How Climate change is impacting the Panama Canal – Halving the ship volume
Summary: The worst drought in Panama in since 19050 has forced the canal to reduce the number of ships transiting per day from 31 to 18. This will increase shipping costs, increase transit times, and increase complexity in a rapidly evolving global shipping landscape.
The Panama Canal opened to ship traffic in 1914. Prior to the canal opening, the routes between the east coast of the Americas and the orient were to move through the Suez Canal in Egypt, use a complicated land bridge in Central America, or sail around Cape Horn – the southern tip of S. America. Cape horn is considered one of the most dangerous places for shipping due to strong currents, large waves and icebergs. To place this in perspective, prior to the opening of the Panama Canal, the trip around the Cape Horn would take about one month. For example, a trip from New York to California would take 30 days instead of 60 because the distance was cut from 13, 000 miles to just over 5,000.
More than just a matter of perspective
In 2022, The Panama Canal experienced its highest ever annual volume of ships to pass through at 14,200, representing more than 500 million tons of cargo. As a rule, the transit time from China to the Us west coast is about 20 days. China to the US east coast is about 45 days, when shipping through the Panama Canal. However, for companies located nearer the East coast than the west coast, they must determine how to move cargo from the ports of LA / Long Beach or Seattle across the nation. When you ship directly into a US east coast port, the tradeoff is 10 days of additional transit time for several hundred dollars savings per box.

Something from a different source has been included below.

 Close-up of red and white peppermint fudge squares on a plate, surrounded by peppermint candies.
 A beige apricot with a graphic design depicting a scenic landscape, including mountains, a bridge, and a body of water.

Shippers and consignees are now confronted with considering the impact of climate change on shipping lines combined with the ability to traverse the Panama Canal, a combination adding significant complexity to the annual sea freight contracting season this spring.
Options & Considerations
As shippers and consignees confront these evolving realities, strategic options are more critical than ever. Consider these strategies:
- The mix of volume moving all water vs. Mini land bridge (MLB)
- The cost of rail (MLB) vs. transshipment. Generally, cargo from 5 x 40’ boxes will fit into 3 x 53’ domestic trailers.
- For high value cargo – is air freight an option?
- Where are distribution centers located? Are they optimized for the new realities?
- Can you ship directly to a customer without unloading at a distribution center?
Perhaps the most important thing to consider is that prior decisions should be reviewed within the context of these new climate realities. As a general rule, strategic flexibility has a cost that is offset over time with lower overall operational complexity, soft costs and hidden costs of delays and customer satisfaction. In this brave new world, climate change must figure prominently in any supply chain strategy.